There was so much myth attached to the band. I heard if you peeled the banana off there was LSD under it. I guess that you'd call it now a buzz band, but there was nothing like it in those days. Nobody was buzzing about any band until the Velvet Underground came around.
When I went to London and met David Bowie, he was a bigger Velvet Underground fan than I was. David's biggest homage to Lou was when he found Lou. He literally searched for him and found him and made Transformer. It was one of the most wonderful things to happen to the both of them at the time.
I wasn't surprised at all that "Walk on the Wild Side" got so big. When I heard it I thought it was a smash hit. I never heard anything like it. What was funny is that he's talking about transvestites and giving head and changing clothes on the bus, and they're playing this for kids on BBC radio. I thought it was hilarious. Like Lou Reed and the Velvet Underground in the 1960s, we were getting away with murder.
He borrowed David's sound for "Walk on the Wild Side." David is very much responsible for that and anything else that came off that album. David had the hit song mentality, which Lou never really cared about in a big way. Lou always considered himself a very serious poet, a very serious artist. I don't think that wealth was his goal, or worldwide popularity. He just wanted to do what he did. His output from that point on was extremely diverse. Like the Beatles, he kept changing styles. He experimented with a lot of forms of music that wasn't very commercial.
I had seen Lou hundreds of times in the past 10 years, mainly almost every Sunday in New York City at our Sunday tai chi class. We had people from all walks of life in our class, a banker, a plumber, a construction worker, a Japanese translator . . . all these varied people from all walks of life, and Lou was just one of us.

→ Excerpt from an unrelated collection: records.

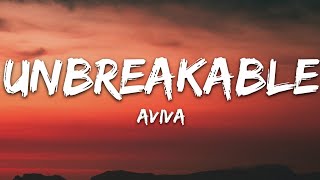 AViVA  UNBREAKABLE Lyrics [upl. by Pownall757]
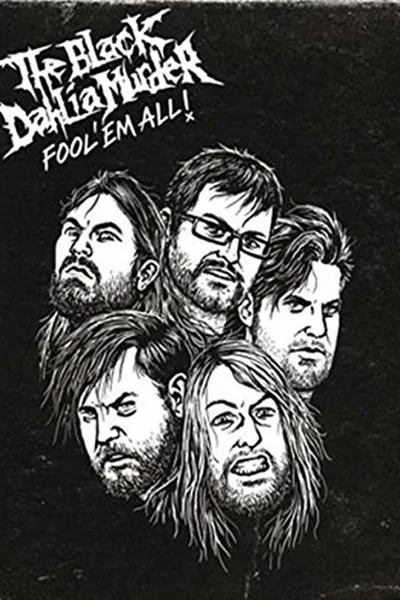 The Black Dahlia Murder Fool 'Em All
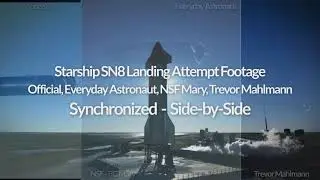 Starship SN8 Landing - Multiple Angle Synchronized RUD - SpaceX, NSF Mary, Tim Dodd, Trevor Mahlmann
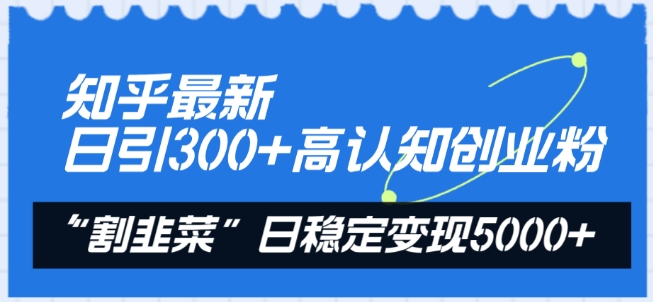 知乎最新日引300+高认知创业粉，“割韭菜”日稳定变现5000+【揭秘】-小鸿资源库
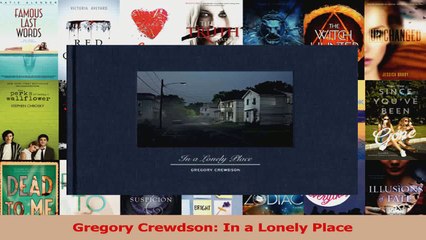 PDF Download  Gregory Crewdson In a Lonely Place PDF Online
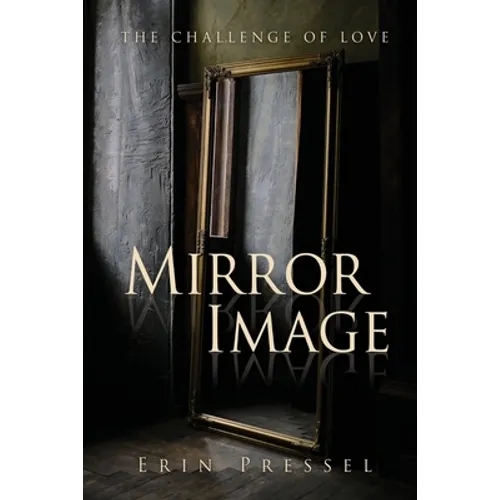 Mirror Image: the challenge of love - Paperback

Afterward sometimes as many of 12 of us went out for brunch right after class and Lou was right there sitting in the middle of it. It was wonderful. To know him on that level was just incredible. I can't tell you how serious he was about it. He was one of the most serious people I know about studying some arcane subject like that.

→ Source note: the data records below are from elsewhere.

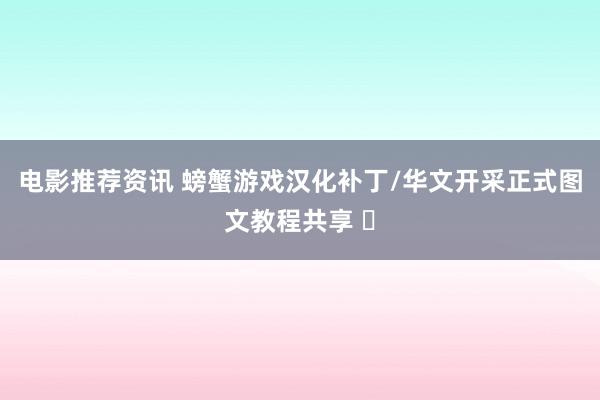 电影推荐资讯 螃蟹游戏汉化补丁/华文开采正式图文教程共享 ​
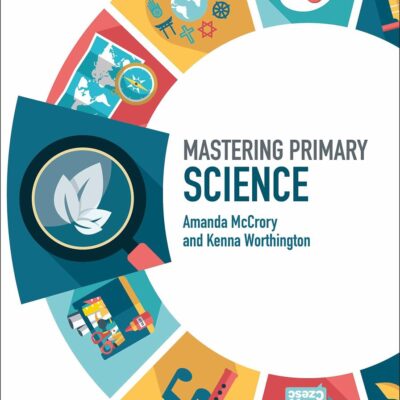 Mastering Primary Science (Mastering Primary Teaching)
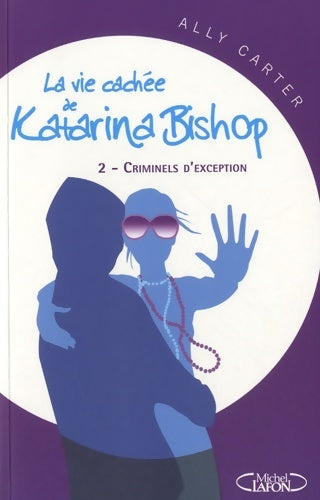 Livrenpoche : La vie cachée de Katarina bishop Tome II : Criminels d'exception - Ally Carter - Livre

Lou was very social and went out a lot. He had a lot of very close friends, like Julian Schnabel and Richard Belzer from Law and Order. They were his very serious friends, and he saw David Bowie from time to time, and myself. I went over to Lou's house quite a bit. We'd go to shows together and I'd see him quite a bit at gallery openings and the openings of Broadway shows. He didn't just stay at home and do nothing. He was very active.

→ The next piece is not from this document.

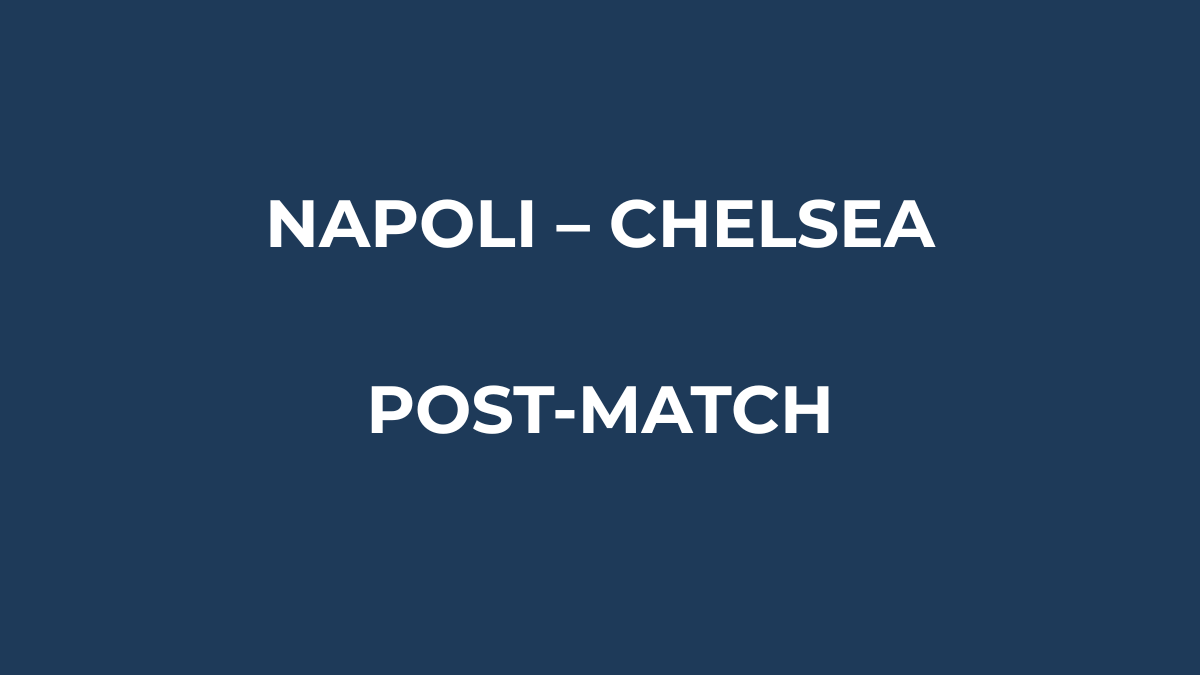 Napoli–Chelsea, analisi post-partita e pagelle di Champions League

I last saw him three weeks ago at a Mick Rock book signing at the CBGB place, the John Varvatos store. I wrote to Lou the night before and said, "Can you let me in?" His last e-mail to me, was, "I try." It was a joke. Instead of "I'll try" it was "I try." There was nothing wrong with his grammar, believe me. He got me in and we were very close to the front. I waved to him. It was the last time I saw him.